Setelah sukses mengutus dua anak panah Muhammadiyah ke kampung halamannya sejak hampir dua tahun lalu, Buya ingin supaya Muhammadiyah di sana bangkit dan bersinar kembali seperti masa-masa awal sebelum pecahnya peristiwa PRRI.
Peristiwa inilah yang membuat Muhammadiyah di Sumpur Kudus mati suri selama sekitar 40 tahun. Pada tahun 2000 Muhammadiyah dihidupkan kembali namun sungguh tidak mudah dan tertatih-tatih. Hingga tahun 2020 dua anak panah Muhammadiyah, Sidiq dan Inggit, dilesatkan dari Yogyakarta.
Bagi Buya, kiprah dua anak panah Muhammadiyah selama hampir dua tahun yang gemilang ini telah membuka pintu bagi masuknya upaya untuk membangun kampung halaman, khususnya dalam hal pendidikan agama yang mencerahkan bagi masyarakat.
Pada 13-21 Maret 2022, saya berkesempatan mengunjungi dua anak panah Muhammadiyah di Nagari Sumpur Kudus dan Calau. Lima hari sebelum berangkat ke Minangkabau, saya berpamitan kepada Buya Syafii secara langsung yang saat itu masih dirawat di PKU Muhammadiyah Gamping.
Mendengar kabar rencana keberangkatan itu, Buya bahagianya bukan kepalang. Senyuman itu tak dapat disembunyikannya. “Hebat! Hebat! Anda harus merasakan masakan orang kampung saya, enak sekali! Segera beri tahu Asmul!” kata Buya.
Di nagari ini nama Buya begitu harum. Salah satunya tentu karena kiprahnya dalam membangun kampung halaman, baik secara fisik maupun non fisik. Kepercayaan itu diberikan kepada mereka yang tulus dan lurus untuk dakwah Muhammadiyah. Meskipun jauh di mata, bagi Buya kampung halaman selalu dekat di hati.
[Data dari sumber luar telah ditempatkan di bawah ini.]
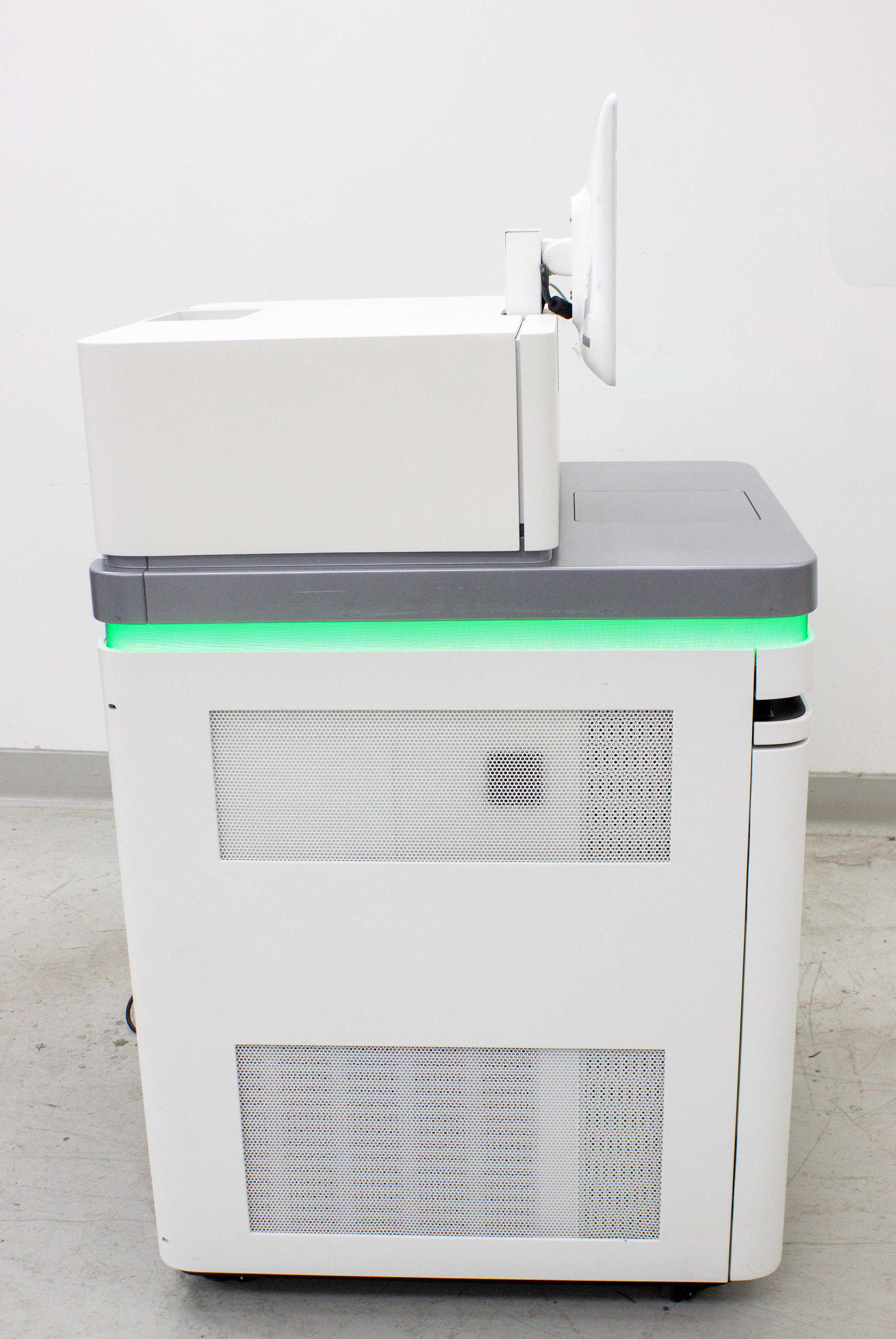 Illumina NovaSeq 6000 Sequencer DNA High Throughput Includes Computer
Sejak belia, Buya dididik di Madrasah Ibtidaiyah Muhammadiyah Sumpur Kudus. Kemudian lanjut ke Madrasah Mu’allimin Muhammadiyah Balai Tengah, Lintau. Lalu Madrasah Mu’allimin Muhammadiyah Yogyakarta. Pendidikan formal 12 tahun ia tempuh secara penuh di Muhammadiyah.
Kampung halaman dan Muhammadiyah telah berjasa membentuk seorang Buya Syafii. Maka tak heran jika Buya kini berusaha berbuat semampunya untuk keduanya, meskipun sesungguhnya tak ada harap kembali. Kebaikan berbalas dengan kebaikan.
Doa setulusnya, semoga Buya selalu dirahmati Allah, diberikan kesehatan dan kekuatan. Rahmat Allah sangat dekat dengan orang-orang yang berbuat baik, demikian tertera dalam surat al-A’raf ayat 56.